Written by Michael Larabel in Linux Storage on 7 June 2021 at 05:51 AM EDT. 2 Comments
LINUX STORAGE
Queued up now into the EXT4 file-system's "dev" tree is the recent work on a journal checkpoint ioctl (EXT4_IOC_CHECKPOINT) and optional support for TRIM/discard or zero-out support on journal flushes. This is the work that came about in recent months in working to ensure the privacy of deleted file names from the system.

The new journal checkpoint ioctl allows triggering a checkpoint from user-space and flushes the journal. EXT4_IOC_CHECKPOINT forces all the transactions to the log, checkpoints the transactions, and flushes to disk. "Systems that wish to achieve content deletion SLO [service level objective] can set up a daemon that calls this ioctl at a regular interval such that it matches with the SLO requirement. Thus, with this patch, the ext4_dir_entry2 wipeout patch, and the Ext4 "-o discard" mount option set, Ext4 can now guarantee that all file contents, file metatdata, and filenames will not be accessible through the filesystem and will have had discard or zeroout requests issued for corresponding device blocks."

Besides the new ioctl, the other equally important part is the discard/zeroout flags for helping to ensure no information leaks from the EXT4 journal for deleted files containing potentially sensitive filenames.

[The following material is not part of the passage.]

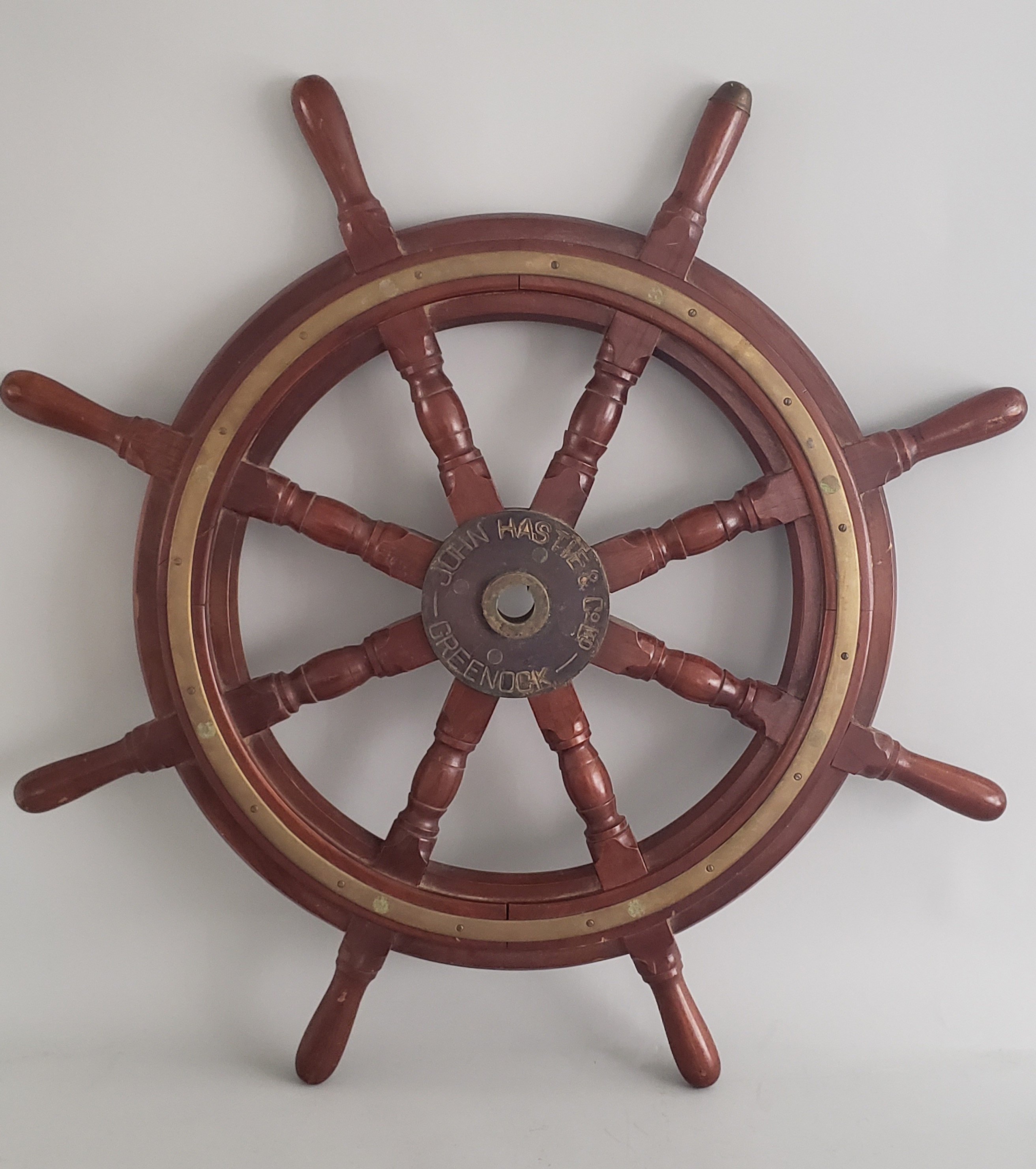 19th Century Mahogany and Brass Ship's Wheel John Hastie & Co. Ltd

The updated EXT4 journal checkpoint documentation goes on to explain:
A journal checkpoint can be triggered from userspace via the ioctl EXT4_IOC_CHECKPOINT. This ioctl takes a single, u64 argument for flags. Currently, three flags are supported. First, EXT4_IOC_CHECKPOINT_FLAG_DRY_RUN can be used to verify input to the ioctl. It returns error if there is any invalid input, otherwise it returns success without performing any checkpointing. This can be used to check whether the ioctl exists on a system and to verify there are no issues with arguments or flags. The other two flags are EXT4_IOC_CHECKPOINT_FLAG_DISCARD and EXT4_IOC_CHECKPOINT_FLAG_ZEROOUT. These flags cause the journal blocks to be discarded or zero-filled, respectively, after the journal checkpoint is complete. EXT4_IOC_CHECKPOINT_FLAG_DISCARD and EXT4_IOC_CHECKPOINT_FLAG_ZEROOUT cannot both be set. The ioctl may be useful when snapshotting a system or for complying with content deletion SLOs.

These patches now part of the EXT4 dev tree should land with Linux 5.14 this summer for those concerned about the leakage from the journal of any deleted filenames / basically ensuring when a file is deleted, its traces are gone. The original motivator for this EXT4 work appears to have been for Google Cloud with persistent disks and ensuring no remnants of personally identifiable information might be left around after file deletion.